When you sync changes from Git or use deployment pipelines, the updated dataflow is saved in your workspace but not immediately published. Instead, the next time you trigger a refresh (either manually or on a schedule), the system automatically attempts to publish the latest saved version before running the refresh. If publishing fails (for example, due to validation errors), the system reports the error in refresh history.
This approach ensures that the most recent changes from Git or deployment pipelines are always considered at refresh time, without requiring a manual publish step. However, changes made in the editor aren't saved automatically if you close your browser or navigate away—you must explicitly save your dataflow to include your changes in the next publish or refresh.
In some scenarios, the backend decides to publish the dataflow automatically during a refresh operation. This happens when the dataflow backend is updated and requires the dataflow to be re-published to ensure compatibility with the latest backend changes. This automatic publishing occurs without any user intervention and is sporadic, depending on backend updates.

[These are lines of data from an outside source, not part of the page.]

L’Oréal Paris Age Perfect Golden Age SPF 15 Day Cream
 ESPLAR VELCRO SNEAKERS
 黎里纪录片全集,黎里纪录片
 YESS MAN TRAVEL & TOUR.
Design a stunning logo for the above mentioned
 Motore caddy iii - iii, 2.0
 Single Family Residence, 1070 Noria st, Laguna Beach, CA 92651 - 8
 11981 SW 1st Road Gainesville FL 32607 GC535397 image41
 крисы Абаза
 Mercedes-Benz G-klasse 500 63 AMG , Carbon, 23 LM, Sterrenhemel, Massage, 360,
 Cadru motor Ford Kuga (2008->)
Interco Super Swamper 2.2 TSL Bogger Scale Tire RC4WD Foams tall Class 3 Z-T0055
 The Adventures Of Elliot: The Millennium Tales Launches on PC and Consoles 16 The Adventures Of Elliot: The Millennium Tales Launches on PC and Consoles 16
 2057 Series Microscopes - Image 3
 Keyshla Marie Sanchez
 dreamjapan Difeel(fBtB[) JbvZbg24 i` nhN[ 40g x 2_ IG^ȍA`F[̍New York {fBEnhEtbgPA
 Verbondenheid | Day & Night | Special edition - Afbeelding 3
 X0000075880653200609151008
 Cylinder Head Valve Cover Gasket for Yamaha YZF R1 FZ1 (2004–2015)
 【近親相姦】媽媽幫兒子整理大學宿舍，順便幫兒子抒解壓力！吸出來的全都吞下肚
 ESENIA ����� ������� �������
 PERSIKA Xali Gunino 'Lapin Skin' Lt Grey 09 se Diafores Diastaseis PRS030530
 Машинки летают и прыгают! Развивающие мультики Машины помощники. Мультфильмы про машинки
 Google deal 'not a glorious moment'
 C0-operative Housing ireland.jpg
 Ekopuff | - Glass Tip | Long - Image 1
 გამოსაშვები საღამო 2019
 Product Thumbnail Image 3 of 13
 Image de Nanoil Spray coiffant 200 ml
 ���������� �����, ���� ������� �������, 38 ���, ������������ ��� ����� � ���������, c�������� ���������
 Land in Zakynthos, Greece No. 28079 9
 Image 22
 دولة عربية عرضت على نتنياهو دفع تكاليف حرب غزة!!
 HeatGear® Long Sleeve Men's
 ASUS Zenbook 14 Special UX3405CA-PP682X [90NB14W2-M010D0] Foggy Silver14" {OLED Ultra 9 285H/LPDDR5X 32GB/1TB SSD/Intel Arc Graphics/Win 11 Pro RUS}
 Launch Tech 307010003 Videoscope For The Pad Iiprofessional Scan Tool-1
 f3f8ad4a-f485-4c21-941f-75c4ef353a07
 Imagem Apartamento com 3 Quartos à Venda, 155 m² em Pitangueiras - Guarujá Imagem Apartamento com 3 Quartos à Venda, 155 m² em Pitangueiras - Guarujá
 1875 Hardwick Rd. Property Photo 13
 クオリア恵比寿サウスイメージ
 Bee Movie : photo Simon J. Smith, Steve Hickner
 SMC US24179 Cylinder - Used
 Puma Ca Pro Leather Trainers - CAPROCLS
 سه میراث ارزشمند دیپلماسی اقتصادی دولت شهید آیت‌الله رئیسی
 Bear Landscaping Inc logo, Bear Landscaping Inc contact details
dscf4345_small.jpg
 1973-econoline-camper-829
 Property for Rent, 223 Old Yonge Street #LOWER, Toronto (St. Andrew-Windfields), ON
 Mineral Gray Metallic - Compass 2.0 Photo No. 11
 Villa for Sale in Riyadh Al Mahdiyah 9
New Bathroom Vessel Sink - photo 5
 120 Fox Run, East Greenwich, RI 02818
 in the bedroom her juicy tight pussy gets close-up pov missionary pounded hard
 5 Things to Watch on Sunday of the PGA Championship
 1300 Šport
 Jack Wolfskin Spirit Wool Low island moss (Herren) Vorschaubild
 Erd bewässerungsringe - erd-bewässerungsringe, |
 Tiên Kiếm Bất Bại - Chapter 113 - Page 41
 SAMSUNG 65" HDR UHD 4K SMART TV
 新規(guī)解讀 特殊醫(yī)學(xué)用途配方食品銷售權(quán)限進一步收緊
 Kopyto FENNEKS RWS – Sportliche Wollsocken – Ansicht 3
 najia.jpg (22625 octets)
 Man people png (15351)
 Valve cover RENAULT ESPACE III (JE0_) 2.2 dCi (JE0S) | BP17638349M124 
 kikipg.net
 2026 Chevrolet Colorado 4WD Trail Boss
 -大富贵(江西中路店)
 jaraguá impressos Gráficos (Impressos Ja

Additionally, APIs are available to refresh a dataflow without publishing or to manually trigger the publish operation for saved changes, giving you flexibility in managing your deployment workflows.
Limitations and known issues
While Dataflow Gen2 with CI/CD and Git support offers a powerful set of features for enterprise ready collaboration, this required us to rebuild the backend to the fabric architecture. This means that some features aren't yet available or have limitations. We're actively working to improve the experience and will update this article as new features are added.
- When you delete the last Dataflow Gen2 with CI/CD and Git support, the staging artifacts become visible in the workspace and are safe to be deleted by the user.
- Workspace view doesn't show the following: Ongoing refresh indication, last refresh, next refresh, and refresh failure indication.
- When your dataflow fails to refresh we do not support automatically sending you a failure notification. As a workaround you can leverarage the orchrestration capabilities of Data Pipelines.
- When branching out to another workspace, a Dataflow Gen2 refresh might fail with the message that the staging lakehouse couldn't be found. When this happens, create a new Dataflow Gen2 with CI/CD and Git support in the workspace to trigger the creation of the staging lakehouse. After this, all other dataflows in the workspace should start to function again.
- When you sync changes from GIT into the workspace or use deployment pipelines, you need to open the new or updated dataflow and save changes manually with the editor. This triggers a publish action in the background to allow the changes to be used during refresh of your dataflow. You can also use the on-demand Dataflow publish job API call to automate the publish operation.
- Power Automate connector for dataflows isn't working with the new Dataflow Gen2 with CI/CD and Git support.